Would somebody please stop the Braves before they win again?

Atlanta Braves' Ender Inciarte, center celebrates with assistant hitting coach Jose Castro, left, as he comes off the field after a baseball game against the San Diego Padres, Wednesday, Aug. 31, 2016, in Atlanta. Atlanta won 8-1. (AP Photo/John Amis)

Credit: Mark Bradley

Credit: Mark Bradley

Atlanta Braves' Ender Inciarte, center celebrates with assistant hitting coach Jose Castro, left, as he comes off the field after a baseball game against the San Diego Padres, Wednesday, Aug. 31, 2016, in Atlanta. Atlanta won 8-1. (AP Photo/John Amis)

The Atlanta Braves awoke this first day of September as the 29th-best team in baseball. This is terrible news.

For five months, they'd clung to last place like grim death. As Month No. 6 (of 6) commences, they're hell-bent on blowing it. They were 13-14 in August, a month that will live in infamy. And those Minnesota Twins  -- there's a team that knows how to tank!

On Aug. 16 and 17, the Twins lulled the Braves to sleep by sweeping a pair at Turner Field and leaving town 4 1/2 games ahead. (Or behind, depending on your slant.) They haven't won since. They're 0-for-their-last-13. That's the way you do it.

Also this way: While the Braves were recalling Matt Wisler from the minors and watching him win two Utterly Meaningless games, the Twins were demoting their best young arms to Rochester, even though -- as La Velle E. Neal III of the Minneapolis Star-Tribune archly noted -- "the minor-league season ends in just 10 days." (Granted, Jose Berrios and Tyler Duffey were stinking it up in the majors.)

The upshot: With 29 games to go, the Braves no longer control their destiny. The No. 1 pick in the 2017 MLB draft is the Twins' to squander , and they don't appear in a capricious mood. They're serious about this.

Maybe you're saying, "Wait a second. Would finishing 29th be so bad?" The answer -- pardon the shouting -- is HECK YES! If you're going to tank-to-rebuild, you'd really like to have the 1-1 pick to exercise somewhere along the line. Even if there's only one team picking ahead of you, that's one team that has the right to pick the guy you might want.

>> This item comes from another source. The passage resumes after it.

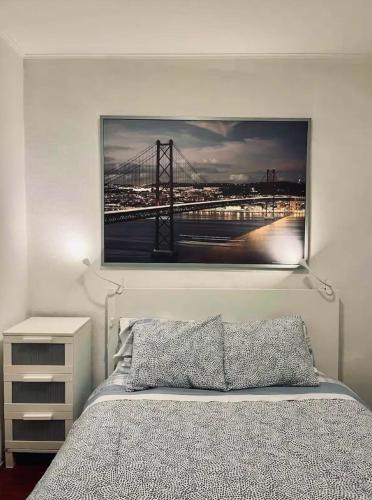 Ideal Flat near Rossio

Example: The Braves were so wretched in August and over the first half of September last season that they closed within a game of the last-place Phillies. Know what happened next? They swept three games from Philly. They won 10 of their final 15. Not only didn't they finish 30th -- they messed up 29th, too. The rampaging Cincinnati Reds lost 14 of their final 15 and finished 64-98 to the ham-handed Braves' 67-95. Darn that Fredi Gonzalez!

And maybe now you're saying, "What's the difference? The Braves would have picked a high school pitcher no matter where they drafted." I'm not so sure about that. I think there's a real chance that, had they held the No. 2 overall pick, they'd have taken the Tennessee infielder Nick Senzel and there'd have been the college bat many among you wanted . Senzel is a Red now. He's hitting .291 with seven homers and 37 RBIs in 64 minor-league games.

Granted, the high-school righty Ian Anderson hasn't been a dud. The Braves' top pick has an ERA of 2.14 with 31 strikeouts against 11 walks in 33 2/3 pro innings. And having the 1-1 doesn't guarantee success: The Astros had it three years running -- masters of tankery, they were -- and got it right only with Carlos Correa. They dumped Mark Appel in the Ken Giles trade; Brady Aiken declined to sign.

And the last time the Braves had the 1-1, they wanted Todd Van Poppel, who would win 40 big-league games. They got scared off and wound up settling for Chipper Jones, who's headed to Cooperstown. But still: Having the 1-1 paid off, did it not? Had the Braves held the No. 2 pick, they might have been stuck with Tony Clark. Here are their career WARs, per Baseball-Reference Chipper 85.0, Clark 12.5.

Bradley's Rule: If you're going to tank, tank to win. (Meaning lose.) If the Braves finish with the second-worst record in baseball, Brian Snitker's not popping any champagne corks. But I'm reasonably certain John Coppolella and Brian Bridges and the scouting crew will be sitting in a conference room next June thinking, "We lost 101 games; was 103 too much to ask?"